When she was young Alia had focused her Witnessing on the more accessible moments of Poole’s life: his joyous childhood, his discovery of love as a young man. With Reath’s gentle coaxing she had been trying to concentrate on this period, the most difficult time of his life — Poole’s own Bottleneck, perhaps.
But it was very hard for her to get into the head of a fifty-two-year-old man from the middle of the twenty-first century. Everything about his life was so different. Her fifties would be the start of her young adulthood, a time of opportunity and growing command over her destiny. For Poole, more than half his life — and the more productive, enjoyable part — had already gone.
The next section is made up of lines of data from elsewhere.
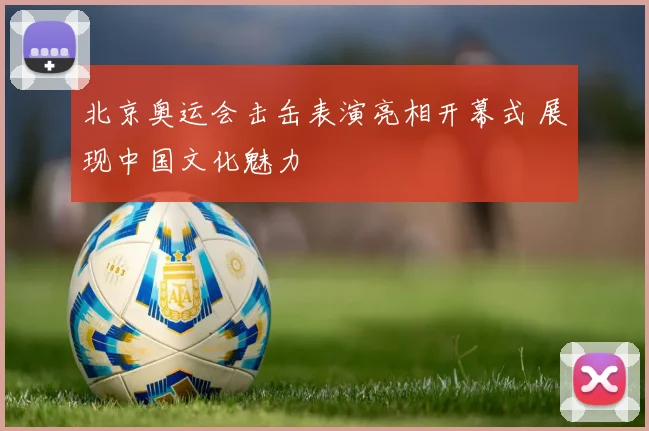 北京奥运会击缶表演亮相开幕式 展现中国文化魅力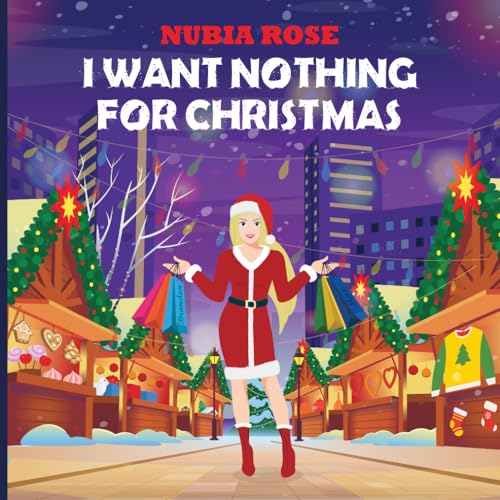 Beispielbild fr I Want Nothing For Christmas: Nothing For Christmas zum Verkauf von California Books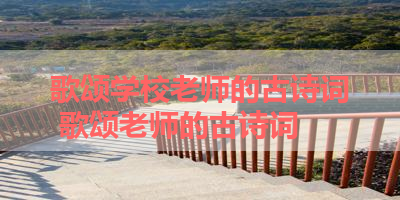 歌颂学校老师的古诗词 歌颂老师的古诗词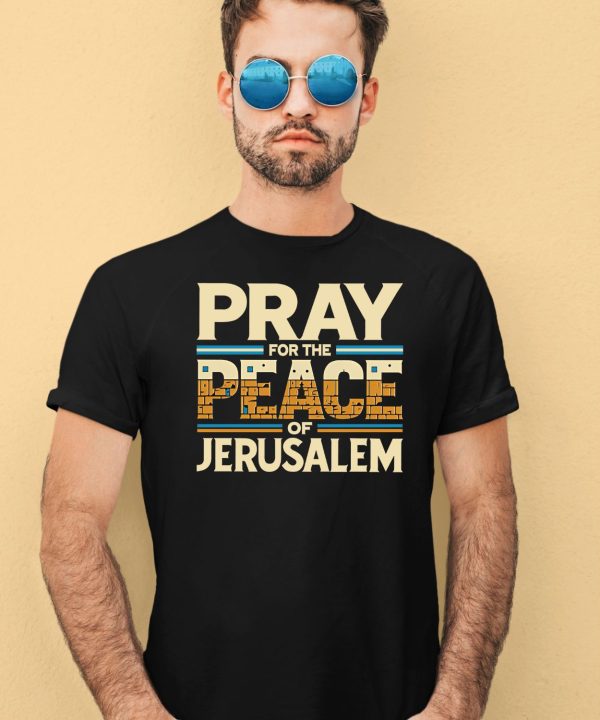 Pray For The Peace Jerusalem Shirt4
He was rapidly running out of future.
Sometimes, when she studied Poole, all she seemed to see was his smallness. He was a dark, unhappy creature, shut in on himself, trapped in a world so impoverished of stimulus and capability it was a wonder people didn’t simply die of boredom and frustration. “He knows so little,” she said. “He will die knowing so little. He suffers so much. And yet he will shape history.”
Reath touched her shoulder. “This is just as Witnessing is meant to be. As you come to understand the life of another embedded in the past, you come to understand yourself better.
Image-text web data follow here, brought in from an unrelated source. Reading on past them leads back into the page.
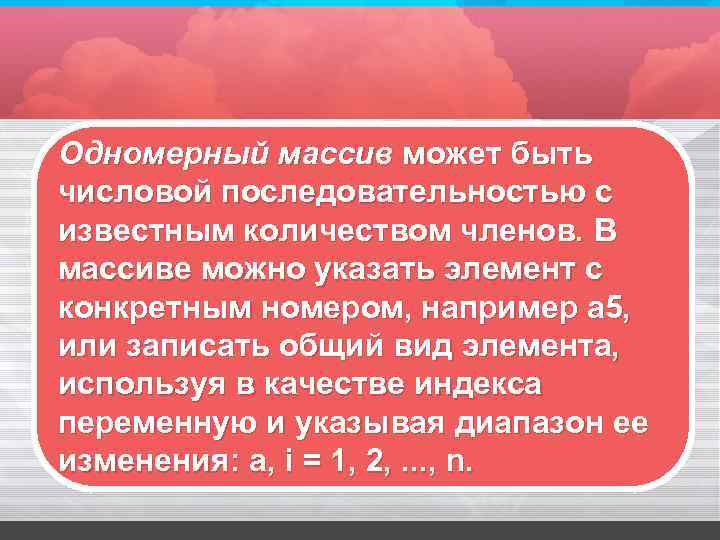 Одномерный массив может быть числовой последовательностью с известным количеством членов. В массиве можно указать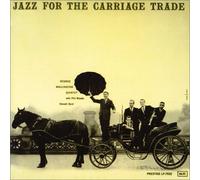 Jazz for the Carriage Trade
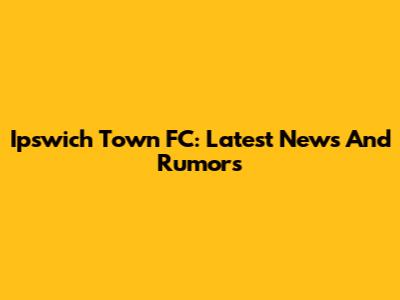 Ipswich Town FC: Latest News And Rumors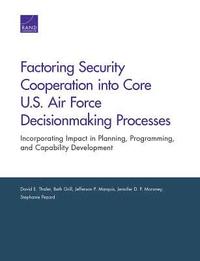 bokomslag Factoring Security Cooperation into Core U.S. Air Force Decisionmaking Processes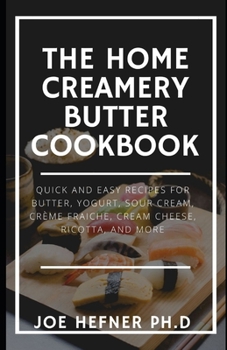 Paperback The Home Creamery Butter Cookbook: Quick And Easy Recipes for Butter, Yogurt, Sour Cream, Cr?me Fraiche, Cream Cheese, Ricotta, and More Book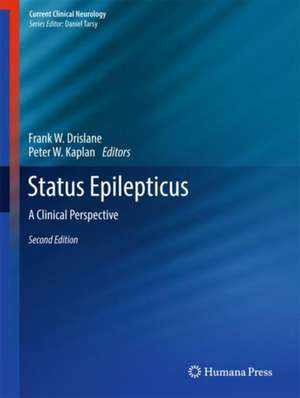Status Epilepticus: A Clinical Perspective de Frank W. Drislane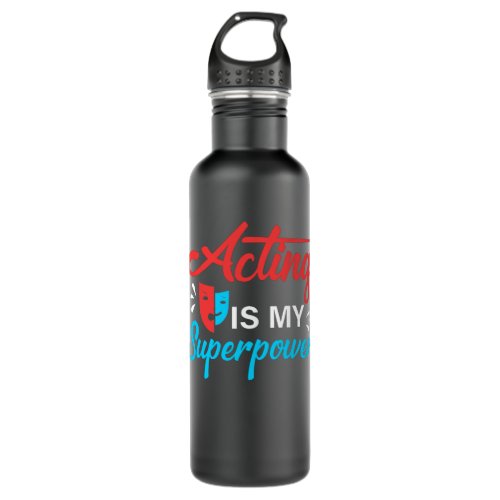 Acting Is My Superpower T_Shirt Funny Actor or Act Stainless Steel Water Bottle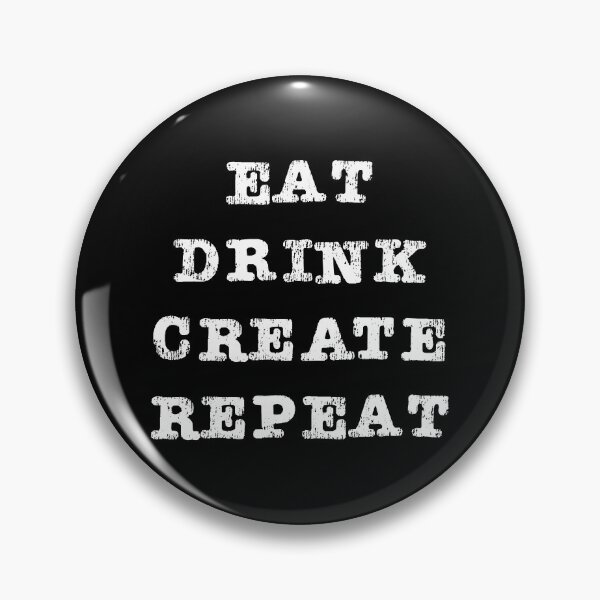 Artikelvorschau, Content Creator Quotes: Eat Drink Create Repeat entworfen und verkauft von GraffitiSoup.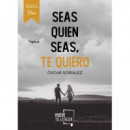 Seas quien seas, te quiero.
“But you must try to keep a sense of perspective, Alia. Mankind did pass through this terrible Bottleneck. And the future of this limited little species was remarkable indeed…”
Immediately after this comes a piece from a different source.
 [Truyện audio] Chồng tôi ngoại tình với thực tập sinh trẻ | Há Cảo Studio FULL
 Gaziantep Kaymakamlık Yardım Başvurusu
After its long Earthbound prologue, mankind erupted off the planet, “like a flock of birds lifting from a tree,” said Reath.
There followed a wave of exploration, colonization, and conquest, in which Michael Poole’s descendants played a significant part. But after the startling discovery of a Galaxy full of alien cultures, many of them ancient and malevolent, it was a wave of expansion that was pushed back several times. Once that reverse reached all the way back to Earth itself.
With the alien occupation of Earth overthrown, mankind re-emerged strong, united, focused — pathologically so, perhaps, Reath said. The government of the time, the most powerful central authority ever to emerge in human history, was known as the Coalition. A new expansion, a froth of war, conquest, and assimilation, swept across the face of the Galaxy. It took twenty-five thousand years, but at last the center of the Galaxy itself lay in human hands, and legends of the victorious warriors, the “Exultant generation,” resonated down the ages that followed.
Alia said, “ ‘Pathological’? That’s a strange word to choose.”
“But it was a pathology, of a sort,” Reath said. “Think about it. The Coalition controlled mankind for twenty-five thousand years! That’s a period that was comparable to the age of the species itself, at the time. For all that time the Coalition controlled culture, politics — even the genetic destiny of mankind. The soldiers who finally broke into the Galaxy’s Core were as human as Michael Poole, save for some superficialities. It was unnatural, Alia! That’s why I say it was pathological. A kind of madness gripped mankind, as we became defined solely by the war.”
“But it was a successful madness.”
“Oh, yes!”
When the war was won, the center could no longer control a Galactic mankind. Reath said darkly, “It was as if a truce had been called among humans, for the purposes of the war against the aliens. But with the Galaxy won history resumed — history of the usual bloody sort.”